◆ Data section:
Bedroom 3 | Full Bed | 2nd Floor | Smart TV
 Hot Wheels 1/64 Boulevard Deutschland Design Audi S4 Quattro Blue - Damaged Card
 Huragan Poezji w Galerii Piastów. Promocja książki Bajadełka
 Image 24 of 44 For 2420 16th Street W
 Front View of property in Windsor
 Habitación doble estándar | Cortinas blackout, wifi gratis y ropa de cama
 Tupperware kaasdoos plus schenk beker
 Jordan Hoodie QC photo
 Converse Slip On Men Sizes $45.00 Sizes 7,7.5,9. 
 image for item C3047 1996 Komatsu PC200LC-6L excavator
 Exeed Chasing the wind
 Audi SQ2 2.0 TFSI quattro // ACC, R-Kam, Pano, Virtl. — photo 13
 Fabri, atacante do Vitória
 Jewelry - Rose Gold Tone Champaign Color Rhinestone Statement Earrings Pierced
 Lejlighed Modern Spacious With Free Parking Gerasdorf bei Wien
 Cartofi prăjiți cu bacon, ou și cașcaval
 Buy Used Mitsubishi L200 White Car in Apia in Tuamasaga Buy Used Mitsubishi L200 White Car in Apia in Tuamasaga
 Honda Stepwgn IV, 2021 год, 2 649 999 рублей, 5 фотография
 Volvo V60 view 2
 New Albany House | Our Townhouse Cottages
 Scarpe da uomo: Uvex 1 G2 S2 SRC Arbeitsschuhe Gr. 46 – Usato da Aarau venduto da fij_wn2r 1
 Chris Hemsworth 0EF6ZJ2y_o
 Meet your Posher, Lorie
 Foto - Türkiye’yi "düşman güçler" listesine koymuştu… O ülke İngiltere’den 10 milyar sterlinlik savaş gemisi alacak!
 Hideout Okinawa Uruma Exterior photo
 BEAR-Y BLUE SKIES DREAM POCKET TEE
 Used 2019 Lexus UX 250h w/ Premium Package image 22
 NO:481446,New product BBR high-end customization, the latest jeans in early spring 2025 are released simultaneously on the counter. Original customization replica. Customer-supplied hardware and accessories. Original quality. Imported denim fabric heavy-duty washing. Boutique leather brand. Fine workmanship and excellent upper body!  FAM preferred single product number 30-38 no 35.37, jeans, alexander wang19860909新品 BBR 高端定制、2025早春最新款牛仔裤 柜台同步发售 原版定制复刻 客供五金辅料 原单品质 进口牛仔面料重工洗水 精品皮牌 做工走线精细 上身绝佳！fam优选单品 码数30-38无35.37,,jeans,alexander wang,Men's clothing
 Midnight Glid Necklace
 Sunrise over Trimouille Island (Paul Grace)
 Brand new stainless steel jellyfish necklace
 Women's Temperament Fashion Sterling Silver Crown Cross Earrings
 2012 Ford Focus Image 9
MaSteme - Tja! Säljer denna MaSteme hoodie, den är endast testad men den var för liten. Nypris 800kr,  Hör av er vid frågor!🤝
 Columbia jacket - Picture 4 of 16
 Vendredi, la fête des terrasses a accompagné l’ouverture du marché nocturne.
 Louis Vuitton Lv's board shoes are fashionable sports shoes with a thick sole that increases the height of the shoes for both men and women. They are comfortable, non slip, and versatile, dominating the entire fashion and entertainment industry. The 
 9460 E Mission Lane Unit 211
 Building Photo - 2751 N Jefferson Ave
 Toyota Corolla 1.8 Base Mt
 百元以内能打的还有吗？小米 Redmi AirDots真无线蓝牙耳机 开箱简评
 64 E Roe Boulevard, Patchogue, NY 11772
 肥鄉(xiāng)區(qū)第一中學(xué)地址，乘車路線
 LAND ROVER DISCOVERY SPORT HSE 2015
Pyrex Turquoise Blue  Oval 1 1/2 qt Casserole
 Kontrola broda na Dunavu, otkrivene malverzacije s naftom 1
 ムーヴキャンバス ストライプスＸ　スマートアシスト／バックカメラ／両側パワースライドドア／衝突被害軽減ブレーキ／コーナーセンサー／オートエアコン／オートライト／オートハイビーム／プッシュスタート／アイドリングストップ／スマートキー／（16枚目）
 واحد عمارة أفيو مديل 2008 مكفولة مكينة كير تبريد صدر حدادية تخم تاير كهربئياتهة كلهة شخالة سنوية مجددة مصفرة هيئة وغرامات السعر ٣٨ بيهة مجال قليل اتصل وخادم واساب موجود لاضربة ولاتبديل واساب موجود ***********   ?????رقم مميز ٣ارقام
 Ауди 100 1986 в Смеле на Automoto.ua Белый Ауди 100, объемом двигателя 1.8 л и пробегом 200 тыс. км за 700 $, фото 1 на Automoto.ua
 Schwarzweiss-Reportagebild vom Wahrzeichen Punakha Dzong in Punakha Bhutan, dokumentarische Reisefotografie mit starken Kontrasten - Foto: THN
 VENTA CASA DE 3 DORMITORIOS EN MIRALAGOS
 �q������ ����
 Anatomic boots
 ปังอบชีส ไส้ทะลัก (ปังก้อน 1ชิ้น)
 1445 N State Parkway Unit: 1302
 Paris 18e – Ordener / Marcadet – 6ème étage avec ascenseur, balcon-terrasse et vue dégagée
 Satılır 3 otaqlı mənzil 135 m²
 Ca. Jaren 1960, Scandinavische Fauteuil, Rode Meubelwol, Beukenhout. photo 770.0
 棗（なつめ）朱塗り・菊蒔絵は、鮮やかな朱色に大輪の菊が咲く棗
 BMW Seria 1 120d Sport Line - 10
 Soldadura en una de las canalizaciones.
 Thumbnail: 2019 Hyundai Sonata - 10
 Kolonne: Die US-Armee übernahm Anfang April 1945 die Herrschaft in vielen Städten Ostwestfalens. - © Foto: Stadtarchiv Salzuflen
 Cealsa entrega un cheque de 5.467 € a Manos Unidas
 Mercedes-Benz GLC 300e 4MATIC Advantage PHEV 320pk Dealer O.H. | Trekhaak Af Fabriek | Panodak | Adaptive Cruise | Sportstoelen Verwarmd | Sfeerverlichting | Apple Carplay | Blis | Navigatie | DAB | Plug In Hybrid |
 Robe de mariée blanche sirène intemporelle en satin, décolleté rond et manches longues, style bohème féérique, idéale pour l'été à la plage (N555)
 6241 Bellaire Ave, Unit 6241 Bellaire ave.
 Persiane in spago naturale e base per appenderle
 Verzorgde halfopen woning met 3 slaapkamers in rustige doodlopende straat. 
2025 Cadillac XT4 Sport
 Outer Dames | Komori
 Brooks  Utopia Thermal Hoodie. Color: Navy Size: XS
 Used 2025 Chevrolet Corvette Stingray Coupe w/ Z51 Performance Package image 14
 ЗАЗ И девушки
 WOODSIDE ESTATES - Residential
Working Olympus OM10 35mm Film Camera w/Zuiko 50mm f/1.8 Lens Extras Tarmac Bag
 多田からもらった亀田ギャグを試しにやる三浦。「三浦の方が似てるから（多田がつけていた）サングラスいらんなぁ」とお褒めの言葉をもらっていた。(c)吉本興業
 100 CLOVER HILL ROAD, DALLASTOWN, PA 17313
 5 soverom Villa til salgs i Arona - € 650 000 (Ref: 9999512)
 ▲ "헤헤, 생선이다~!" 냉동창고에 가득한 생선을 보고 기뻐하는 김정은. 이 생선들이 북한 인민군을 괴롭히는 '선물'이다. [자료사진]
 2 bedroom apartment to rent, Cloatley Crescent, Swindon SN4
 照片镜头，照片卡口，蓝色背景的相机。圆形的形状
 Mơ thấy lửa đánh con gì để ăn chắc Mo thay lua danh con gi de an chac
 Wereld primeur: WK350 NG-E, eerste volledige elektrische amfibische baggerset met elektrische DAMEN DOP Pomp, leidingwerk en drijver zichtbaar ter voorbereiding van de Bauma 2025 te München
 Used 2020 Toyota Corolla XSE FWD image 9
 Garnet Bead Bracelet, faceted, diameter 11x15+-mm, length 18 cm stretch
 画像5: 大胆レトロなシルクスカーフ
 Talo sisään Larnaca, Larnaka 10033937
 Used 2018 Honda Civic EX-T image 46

◆ To do: Collect each line above holding the string "Corolla".

◆ Solution for this task:
 Toyota Corolla 1.8 Base Mt
 Used 2020 Toyota Corolla XSE FWD image 9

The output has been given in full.